Les résultats indiquent que davantage de patients peuvent recevoir des thérapies thrombolytiques

« Ces résultats sont passionnants car ils peuvent élargir la population pouvant recevoir ces thérapies thrombolytiques qui peuvent prévenir la mort et l’invalidité des personnes victimes d’un AVC », a déclaré l’auteur de l’étude Jyri Juhani Virta, MD, PhD, de l’Université d’Helsinki en Finlande.

Pour l’étude, les chercheurs ont examiné les dossiers de toutes les personnes victimes d’un AVC qui ont été traitées par thrombolytiques dans un centre d’AVC en Finlande pendant 15 ans. Après avoir déterminé combien d’entre eux avaient des anévrismes non rompus, ils ont ensuite cherché à savoir combien de personnes avaient eu un accident vasculaire cérébral hémorragique ou une hémorragie intracrânienne, causée par la rupture de l’anévrisme alors qu’elles étaient à l’hôpital après le traitement.

Sur les 3 953 personnes de l’étude, 132 personnes avaient un ou plusieurs anévrismes non rompus. Sur les 155 anévrismes non rompus, 141 étaient du type appelé anévrismes sacculaires et 14 étaient des anévrismes fusiformes. L’une des limites de l’étude était que seul un petit nombre de personnes présentaient de gros anévrismes.

Les anévrismes se sont rompus après traitement provoquant un accident vasculaire cérébral hémorragique chez seulement trois personnes, soit 2,3%. Tous les trois présentaient de gros anévrismes appelés anévrismes fusiformes de l’artère basilaire. Tous les trois ont été traités avec des anticoagulants après leur traitement. Aucun des anévrismes de type sacculaire ne s’est rompu.

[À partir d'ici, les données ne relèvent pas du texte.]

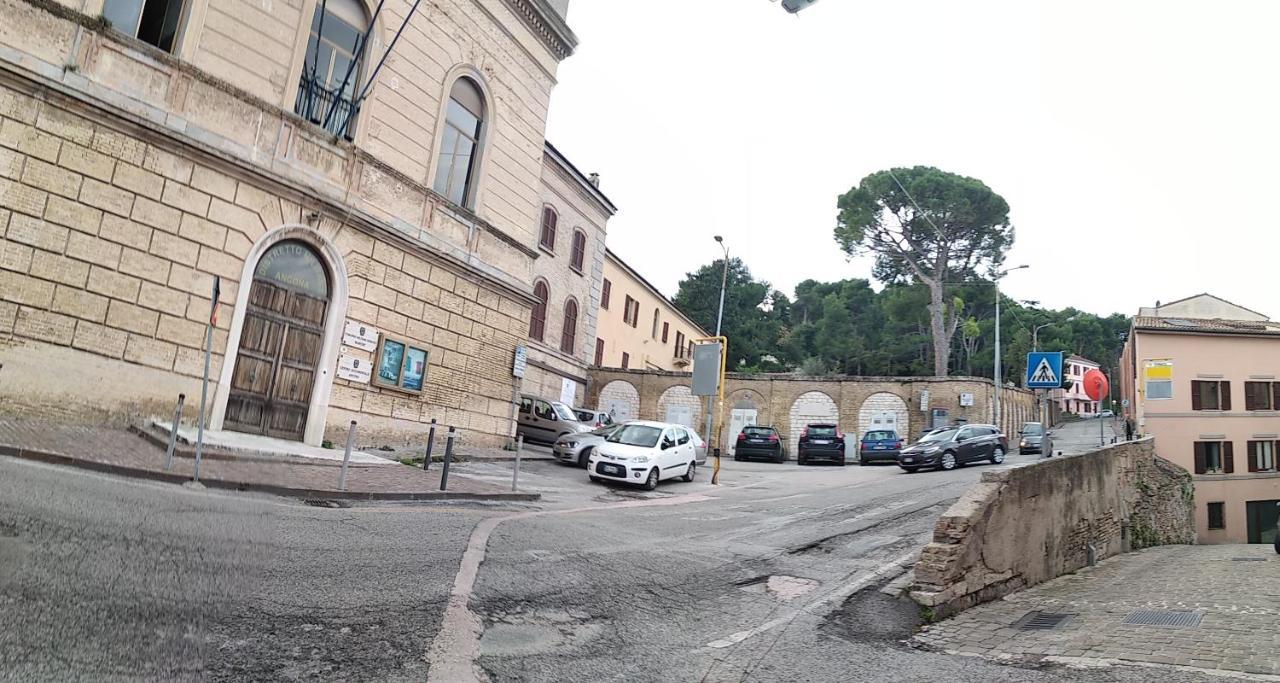 Capodimonte 39A Leilighet Ancona Eksteriør bilde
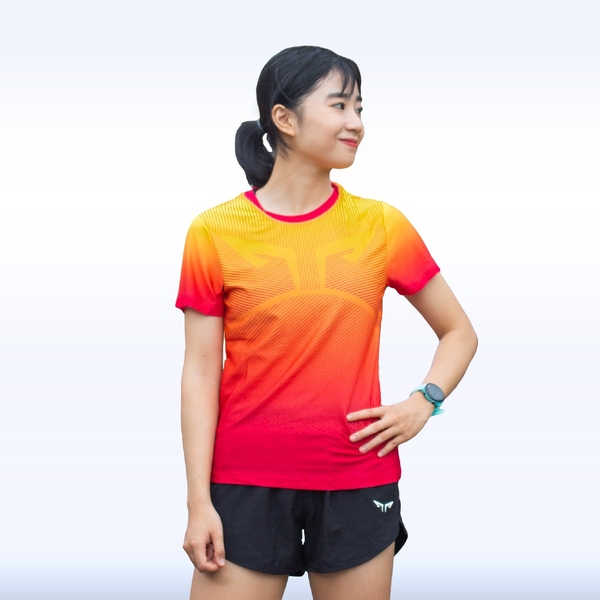 Áo Chạy Bộ Nữ Run Original 73, Áo Chạy Bộ Chất Vải Wolf Active, Nhanh Khô, Co Giãn 4 Chiều, Tôn Dáng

« Heureusement, aujourd’hui, les anticoagulants ne sont pas couramment utilisés tôt après un AVC ischémique, ce qui peut aider à réduire encore plus ce risque », a déclaré Virta. « Nos résultats suggèrent que la thérapie thrombolytique peut être relativement sûre pour les personnes ayant subi un AVC ischémique, même si elles ont des anévrismes sacculaires plus gros qui ne se sont pas rompus. Pour les personnes atteintes d’anévrismes fusiformes volumineux, une considération supplémentaire doit être prise en ce qui concerne le traitement, car les anticoagulants peuvent augmenter le risque de rupture d’anévrisme.